以前は扉を閉めると奥の寝室の窓からの採光がなくなり、閉塞感がありましたが、奥の壁際窓面にキッチンを設けることで視線が抜け、開放感を感じることができます。キッチンとバックセット収納の扉の色味やカウンタートップの素材は、空間全体のカラースキームに合わせ、デザインの調和を図りました。

洗面脱衣室――使い勝手を見直し、すっきりとした空間へ

洗面脱衣室、浴室は既存の間取りで、極力予算を掛けないためにユニットバスや洗面カウンターとミラー収納は既存のまま利用しています。天井・壁のクロスや床の塩ビタイルを張り替えるなど内装をリニューアルし、洗濯機まわりの収納を主に見直しました。

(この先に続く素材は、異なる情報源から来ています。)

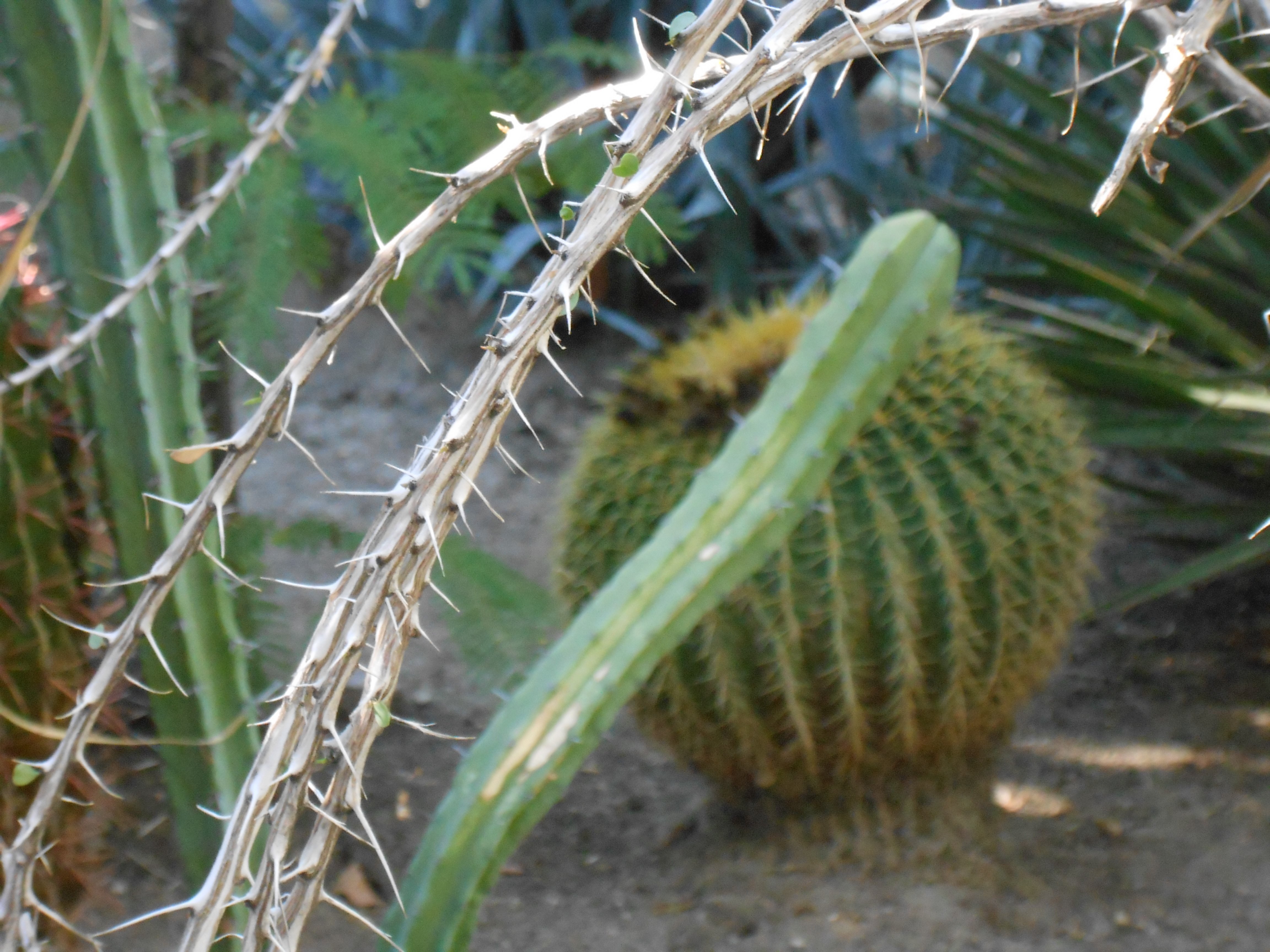 Palm Springs Wallpaper - 4608x3456 Wallpaper - teahub.io
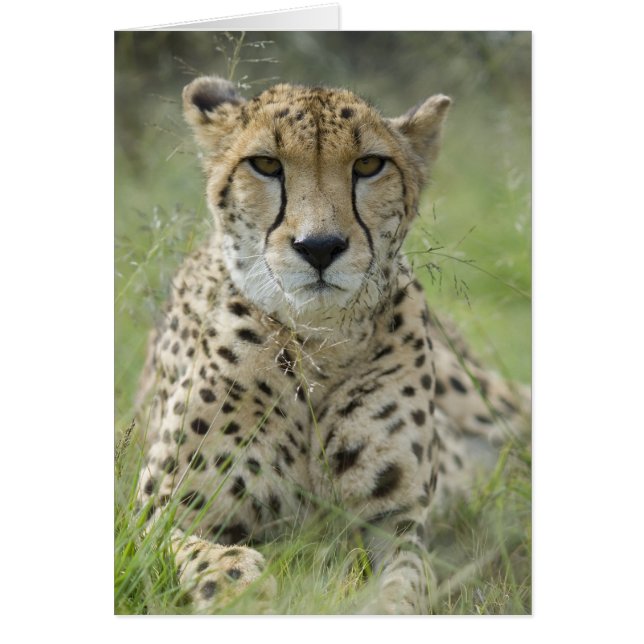 Descanso en la hierba (Frente)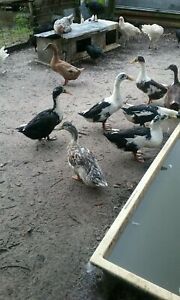 12 Barnyard Mix  Duck Hatching Eggs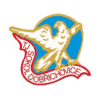 TJ Sokol Dobrichcvice logo - Beskydy VS Tj Sokol Dobrichcvice Result Today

現在お使いのMieleの洗濯機とガス乾燥機を移設したいというご希望があり、Mieleの機器に合わせた給排水配管、ガス乾燥機用のガス配管と排湿筒を今回の工事で設置しています。洗濯機とガス乾燥機の間に空いているスペースを活かし、洗剤や洗濯用品の置き場として中間にもう一段固定棚を設けました。

洗濯機側にあった奥の棚収納は、実際には洗濯機の上を乗り越えて取り出す必要があり、使いにくいというご意見をいただいていました。洗面カウンター側に引き出し収納を新たに設け、リネンなどを収納しやすいスペースに改めました。

写真にはありませんが、子供室はフローリングを既存のまま利用して、天井・壁のクロスを張り替えし、トイレも便器や収納は既存のまま利用し、天井・壁のクロスや床の塩ビタイルを張り替えするなど、修繕を主にした工事を全体的に行っています。

お施主様をはじめ、リフォームキューさん、工事に携わってくださったみなさまのおかげで、「MOHARA」が完成しました。今回はデザインアドバイスという形でのお手伝いでしたが、お住まいをともにつくることができたことを、大変嬉しく思っています。